# What is expected:
Take from the material every line that contains the word "light".

# Data section:

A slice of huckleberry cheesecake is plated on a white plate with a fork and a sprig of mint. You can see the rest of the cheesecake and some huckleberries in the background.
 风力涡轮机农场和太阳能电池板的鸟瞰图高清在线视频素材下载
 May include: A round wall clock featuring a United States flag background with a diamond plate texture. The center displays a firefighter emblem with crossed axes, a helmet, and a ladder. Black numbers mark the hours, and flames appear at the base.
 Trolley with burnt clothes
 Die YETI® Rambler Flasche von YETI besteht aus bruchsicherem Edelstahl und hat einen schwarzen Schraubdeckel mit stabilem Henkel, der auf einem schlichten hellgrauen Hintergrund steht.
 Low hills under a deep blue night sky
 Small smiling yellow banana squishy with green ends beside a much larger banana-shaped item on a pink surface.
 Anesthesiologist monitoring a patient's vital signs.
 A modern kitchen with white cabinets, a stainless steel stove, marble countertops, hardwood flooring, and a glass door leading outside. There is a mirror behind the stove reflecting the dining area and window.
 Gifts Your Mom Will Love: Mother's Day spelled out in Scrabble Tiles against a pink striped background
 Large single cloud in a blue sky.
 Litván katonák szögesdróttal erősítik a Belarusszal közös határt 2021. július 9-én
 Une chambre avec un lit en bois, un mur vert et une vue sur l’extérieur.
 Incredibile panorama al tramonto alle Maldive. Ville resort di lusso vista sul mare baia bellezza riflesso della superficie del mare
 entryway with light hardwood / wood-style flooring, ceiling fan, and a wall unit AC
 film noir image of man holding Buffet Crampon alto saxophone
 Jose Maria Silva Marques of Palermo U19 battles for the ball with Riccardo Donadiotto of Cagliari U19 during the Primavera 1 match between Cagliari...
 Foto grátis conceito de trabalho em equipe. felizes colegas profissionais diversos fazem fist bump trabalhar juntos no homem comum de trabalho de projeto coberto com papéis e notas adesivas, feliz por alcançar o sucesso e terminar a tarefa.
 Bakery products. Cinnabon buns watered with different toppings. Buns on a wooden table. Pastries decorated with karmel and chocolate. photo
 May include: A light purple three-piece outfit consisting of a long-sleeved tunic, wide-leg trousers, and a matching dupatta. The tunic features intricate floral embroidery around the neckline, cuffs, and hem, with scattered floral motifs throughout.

# Reply to the exercise:
 entryway with light hardwood / wood-style flooring, ceiling fan, and a wall unit AC
 May include: A light purple three-piece outfit consisting of a long-sleeved tunic, wide-leg trousers, and a matching dupatta. The tunic features intricate floral embroidery around the neckline, cuffs, and hem, with scattered floral motifs throughout.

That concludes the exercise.